Jake stood to greet Mary. She stepped onto the porch as the door behind him opened. Rebecca must be coming back out. Jake kept his gaze focused on Mary to catch her reaction. She froze, eyes widening in horror, pupils shrinking to pinpoints, the blood draining from her face leaving her fair skin chalk white.

"Rebecca, you're just in time to meet my daughter-in-law," Doris said as if she hadn't noticed the odd reaction. "Mary Jordan, this is Rebecca Patterson and Jake Thornton. They're going to be my houseguests for a few days."

Before his eyes the caring daughter-in-law became the hard stranger they'd met in the library. Rebecca was right. She did have a haunted look about her.

But she wasn't normally a cold woman. Seeing Rebecca had sent her into shock. She knew something about Rebecca, and whatever it was, it upset her...a lot.

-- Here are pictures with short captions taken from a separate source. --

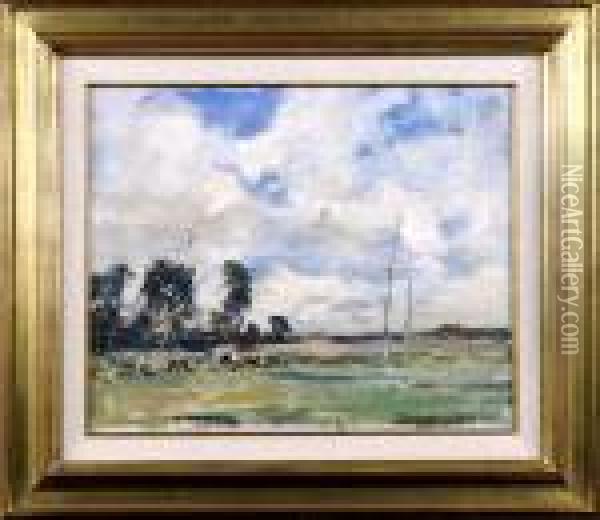 Paysage Avec Vaches Oil Painting - Armand Jamar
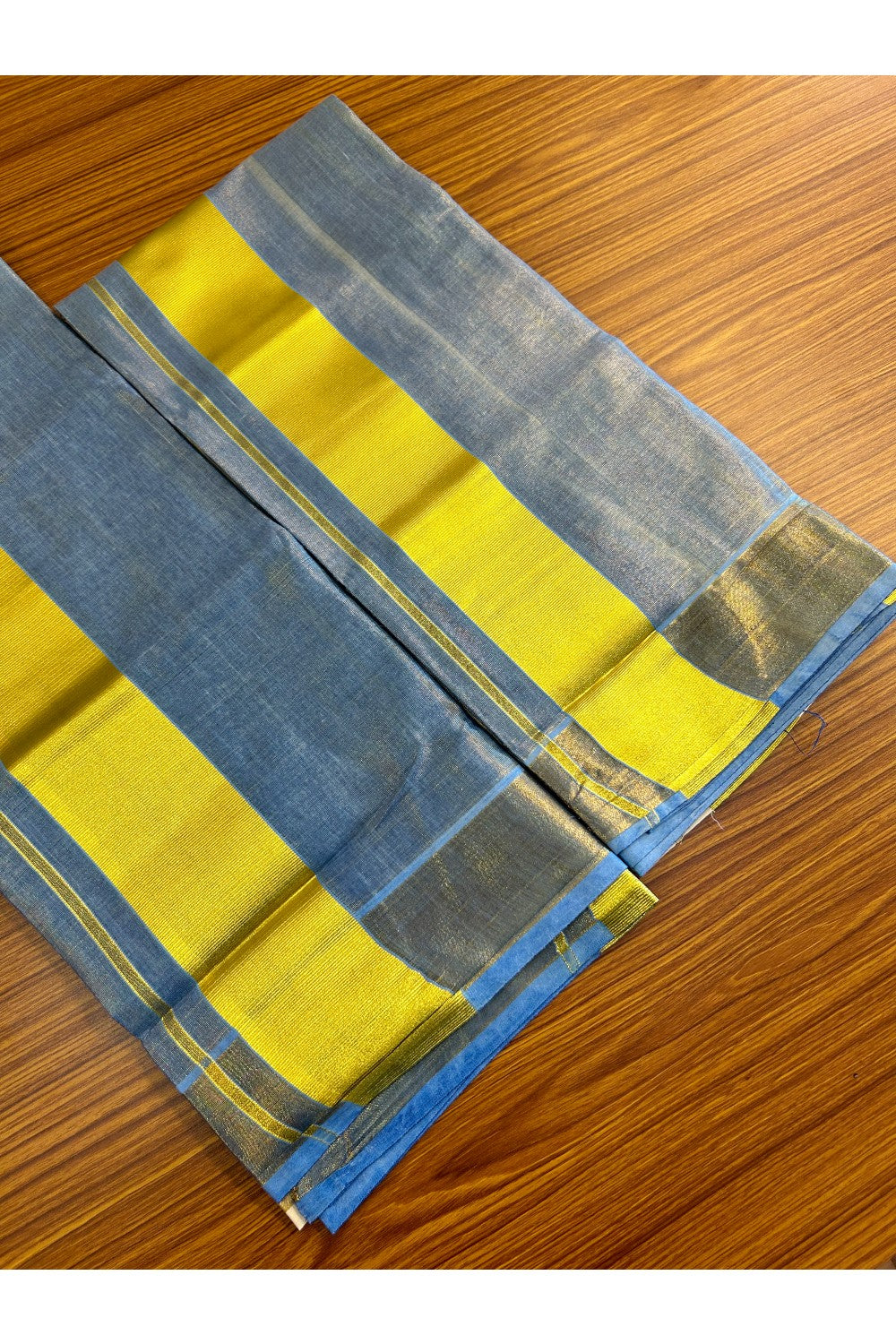 36% Discount!! KaithariKada - Kerala Tissue Single Set Mundu - Tie & Dye Half Blue Colour Design - Kasavu Big Kara - 5KK491MUR
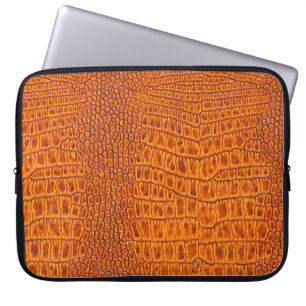 Sluiten van een bruine,  ledertextuur met een rept laptop sleeve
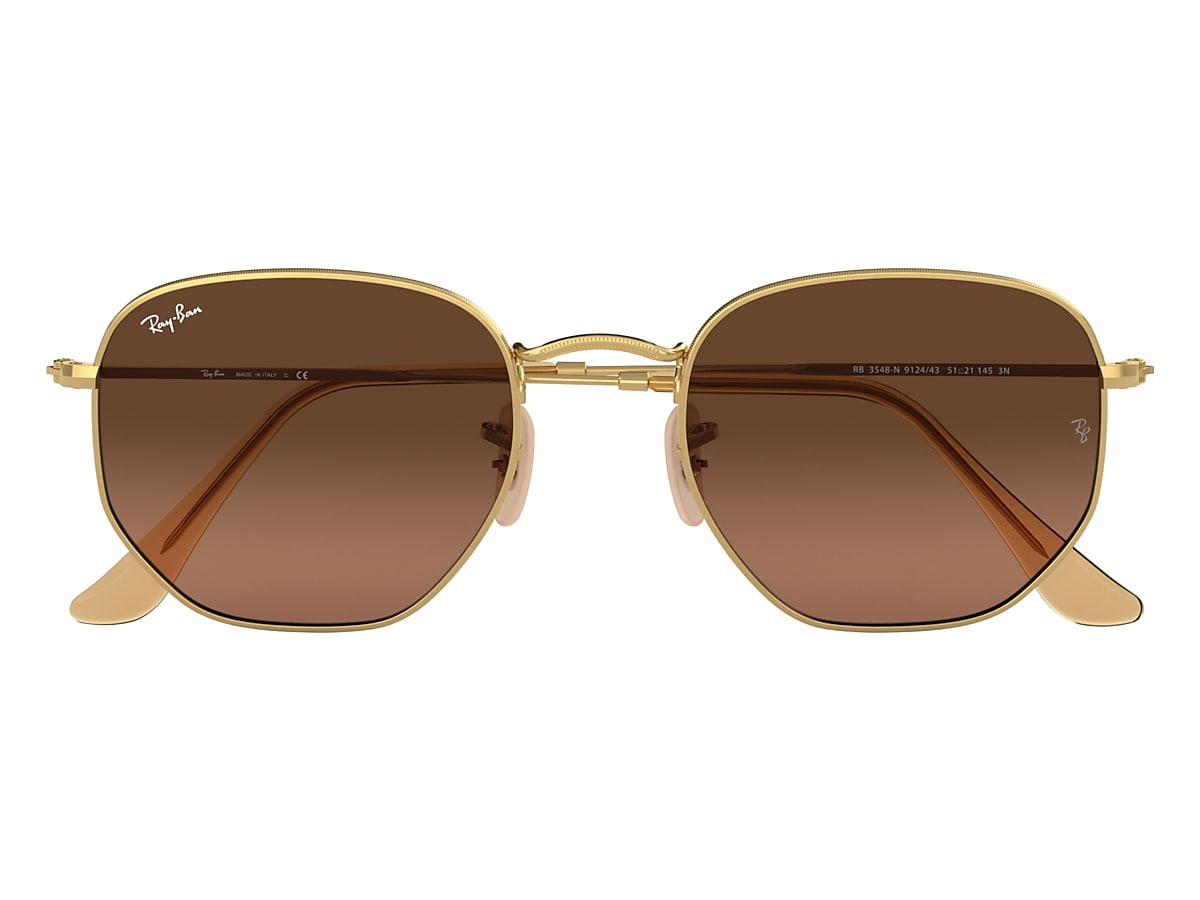 Ray-Ban RB3548N Hexagonal gold frame with blue/grey gradient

Rebecca stepped forward stiffly and offered her hand to Mary Jordan. "Nice to meet you, Mary," she said.

Mary stared at the outstretched hand as if it were covered in blood or horribly disfigured.

Then she lifted her chin, took the proffered hand and shook it once, briefly, before dropping it. "I'm pleased to meet you, Ms. Patterson." She nodded in Jake's direction. "And you, Mr. Thornton. Doris, thank you for inviting me to stay, but I have plans. And I'm late. If you'll excuse me, I have to run."

"Of course. Perhaps another time." Doris was also watching Mary intently.
Mary turned and walked to her car, a small, rigid figure hurrying away.
"That woman hates me," Rebecca said softly when Mary had driven away.
Doris stared after the car. "That isn't like Mary. I actually thought—"

"What?" Jake demanded. "What did you think?" He was pretty sure he knew what Doris had thought and why she'd invited Rebecca and him to stay with her, but he asked anyway.

Doris smiled. "I thought we'd all get along famously, but apparently I was wrong. I'm getting quite hungry. I believe I'll go freshen up, and then we can leave for the restaurant."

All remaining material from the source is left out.